Prosecutors and international justice activists hope that Milosevic will not be the last powerful figure to be brought to justice. They are encouraged by growing signs from Belgrade that it may at last hand over the Bosnian Serb general accused of orchestrating the Srebrenica massacre, Ratko Mladic. And on Friday, chief prosecutor Carla Del Ponte skipped Milosevic's testimony to go to the Bosnian Serb capital, Banja Luka, to press yet again for the arrest and extradition of former Bosnian Serb president Radovan Karadzic. Both Karadzic and Mladic are indicted for genocide at Srebrenica, and for crimes against humanity.
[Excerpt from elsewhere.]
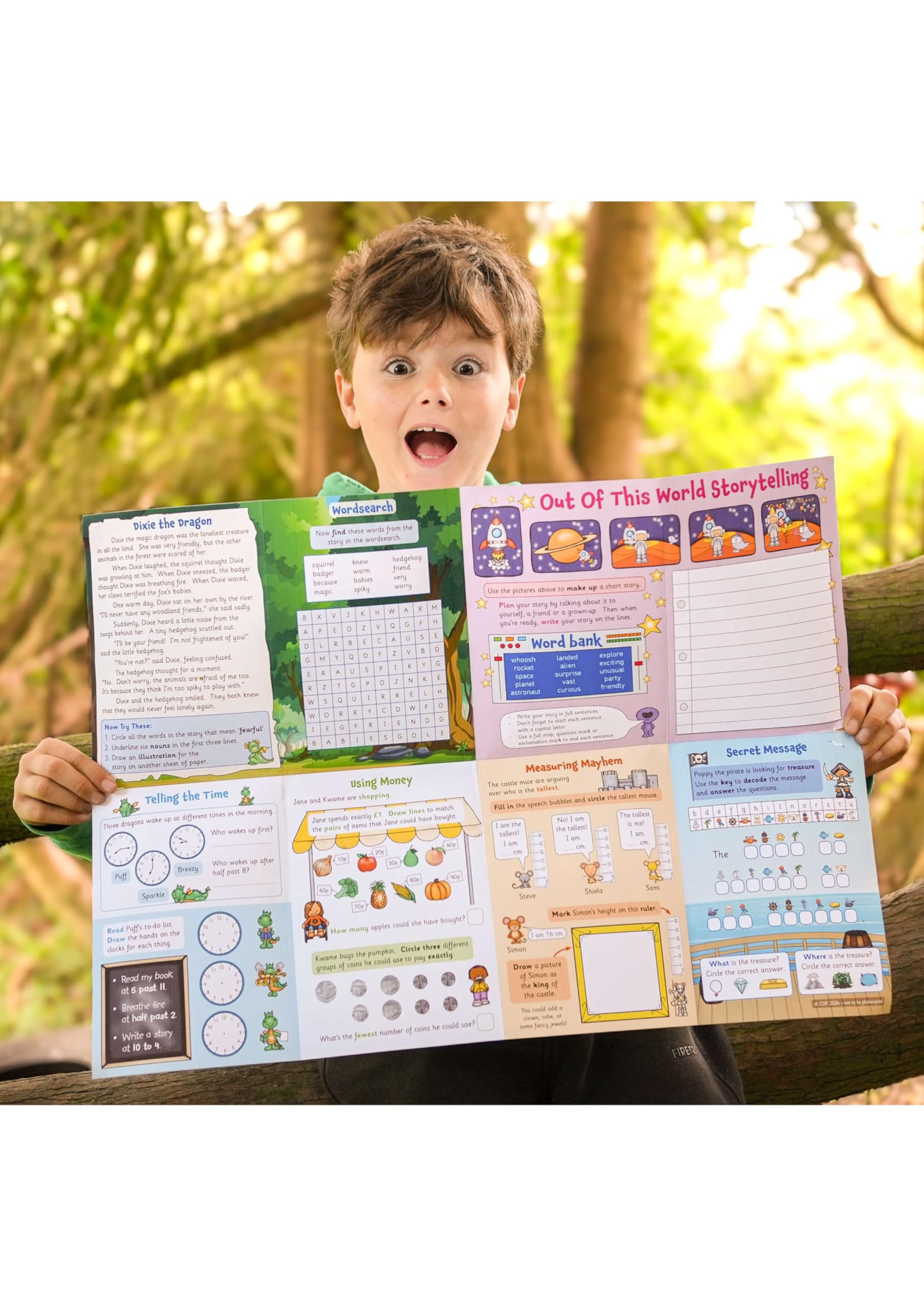 CGP Summer Unfoldable for Years 1-2 Maths & English Practice | Loose Leaf | English 3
Some of the more utopian of those who backed the idea of the tribunal back in 1993 believed that its very existence would serve as a deterrent to further atrocities. Those hopes have been dashed. But Milosevic's presence in the dock these past two weeks has offered a lesson for leaders the world over who believe that power itself guarantees that they can act with impunity.


By Laura Rozen

Laura Rozen writes about U.S. foreign policy and the Balkans crisis for Salon News.